Figure 6 shows RPSS values for each reforecasted year with years indexed according to their NDJ Niño-3.4 value. This ranking may illuminate a systemic improvement in a particular ENSO regime. Although there are a few years with large negative scores, the median RPSS is 0.246, indicating an overall improvement of forecasts with IDW by almost 25% over EW forecasts. No major systemic bias toward a particular ENSO regime was apparent.
c. Case 3: Nearest-neighbor weights (λ = 1, vary α)
The nearest-neighbor weighting (NNW) scheme uses only the k or N/α years with Niño-3.4 values closest to the forecast year. Each of the k years is weighted equally. Larger values of α include a decreasing number of analog years in the weighting scheme.
As with case 2, a sensitivity test was conducted. Here the nearest-neighbor selection parameter α was varied from 1 to 10. Figure 7 shows the results of this test. The largest median RPSS values occur near α = 7. This indicates only seven ESP traces (or one-seventh of the number of ESP traces) will be included in the post-ESP forecast. Note that as with case 2, this choice of α is unique to the dataset (basin) used in the sensitivity test.
Similar to Fig. 6, Fig. 8 shows RPSS values for each reforecasted year with years ranked according to their NDJ Niño-3.4 value. Here the median forecast improvement over EW is 26%. As with IDW, no systemic bias toward forecast skill improvement in a particular ENSO regime is apparent.
A modified version of this weighting scheme only uses in the forecast the ensemble traces corresponding to years with Niño-3.4 (or whatever other index is chosen) in the same tercile as the forecast year. For example, if a year is classified as “El Niño,” attention is restricted to just El Niño years, and the El Niño traces are assigned equal weights in computing the forecast CDF. This approach is similar to that used by Hamlet and Lettenmaier (1999) and is sometimes used at NWS field offices when the ENSO state is known (i.e., El Niño, neutral, or La Niña). The difference between this method and the method presented above is that years close to the boundary of a given category will be compared to all other years in that category, and not to the k closest neighbors. Figure 9 shows the RPSS values computed with the modified nearest-neighbor weights or tercile analogue weights (TAW) relative to EW schemes. Here the forecasts have less skill than the reference EW forecasts, as indicated by a negative RPSS value (−0.04).
d. Case 4: Distance-sensitive nearest-neighbor weighing (both α and λ vary)

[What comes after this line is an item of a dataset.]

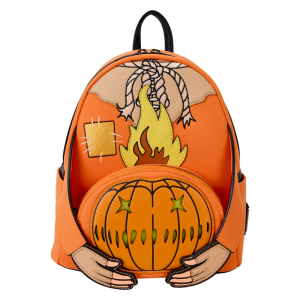 Trick ‘R Treat Flaming Pumpkin Head Sam Light Up Glow Mini Backpack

The distance-sensitive nearest-neighbor weighting (DSNNW) utilizes the concepts of both cases 2 and 3. As with case 3, only k nearest neighbors are included in the post-ESP weighting scheme. Further, as in case 2, the weights assigned to each of the included years are dependent on the magnitude of the absolute difference in the climate index for the ESP trace year and the forecast year. As with other methods, a sensitivity test was conducted jointly on λ and α parameters where each was varied independently of the other between 1 and 10. The results were plotted in the contour plot shown in Fig. 10. The optimal combination of λ and α was taken to be the maximum point on the plotted RPSS surface. Finer-scale contour plots show the maximum median RPSS value occurs near λ = 1.5 and α = 6. Note that although we used the global optimum here, several different parameter combinations will result in similar skill.

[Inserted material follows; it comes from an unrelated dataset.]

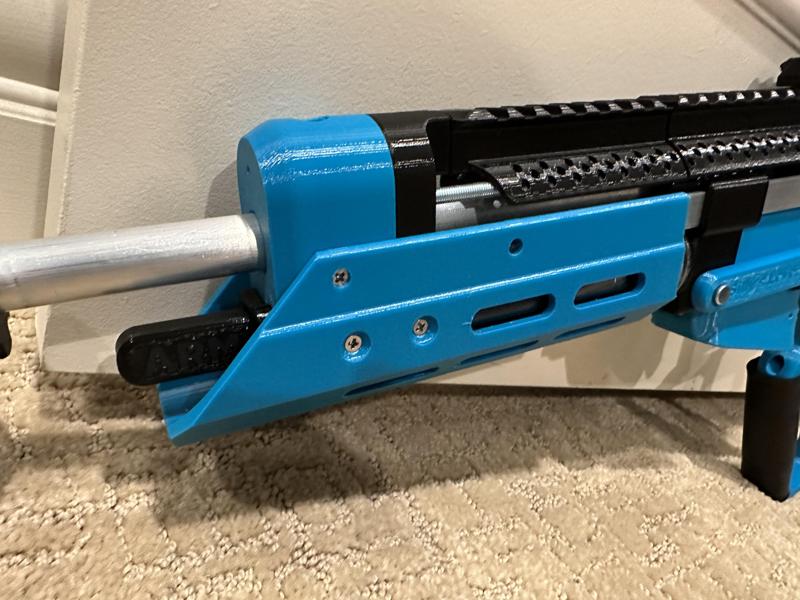 Slab Mlok Handguard Cut at an Angle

Figure 11 shows the RPSS score relative to EW for each year ranked according to the NDJ Niño-3.4 value. As expected from Fig. 9, the results are quite similar to NNW. The median RPSS indicates a nearly 28% median forecast skill improvement, which is slightly higher than that for IDW and NNW. Since λ is close to unity, it is expected that the DSNNW results would be similar to the NNW. This suggests that for this basin and this forecast, the inclusion of the distance-sensitive weighting parameter λ does not add much forecast skill.
4. Weighting scheme comparisons
In order to assess strengths and weaknesses of the different weighting schemes, they are compared for the test basins roughly following a line of longitude in the CBRFC area described earlier.
Figure 12 shows RPSS scores for each of the weighting schemes, using the EW forecasts as the reference. The adjustable parameter(s) in all weighting schemes were optimized as described in section 3. For SLCA3, DSNNW has the greatest median skill (0.276), followed by NNW (0.262) and IDW (0.246). For most years, the RPSS values for IDW, NNW, and DSNNW are quite similar. For this basin, the inclusion of both adjustable parameters [the nearest-neighbor selection parameter (α) and the distance sensitive parameter (λ)] in the post-ESP weighting scheme had only a small effect. In this case, the inclusion α or λ alone have similar effects in biasing to similar years, and neither parameter appears preferable.
b. CAMC2—Colorado River near Cameo, Colorado
CAMC2 is located on the Colorado River near Grand Junction, Colorado. It includes inflow from all the tributaries above. It is thought to be a nodal region where ENSO has little effect (i.e., areas to the north have opposite teleconnection patterns to ENSO as do areas to the south) (Cayan and Webb 1992; Clark et al. 2001). As such, we do not expect to gain much skill by applying the postweighting schemes based on Niño-3.4 indices. Indeed, the correlations between spring runoff and NDJ Niño-3.4, as shown in Fig. 2, were not statistically significant.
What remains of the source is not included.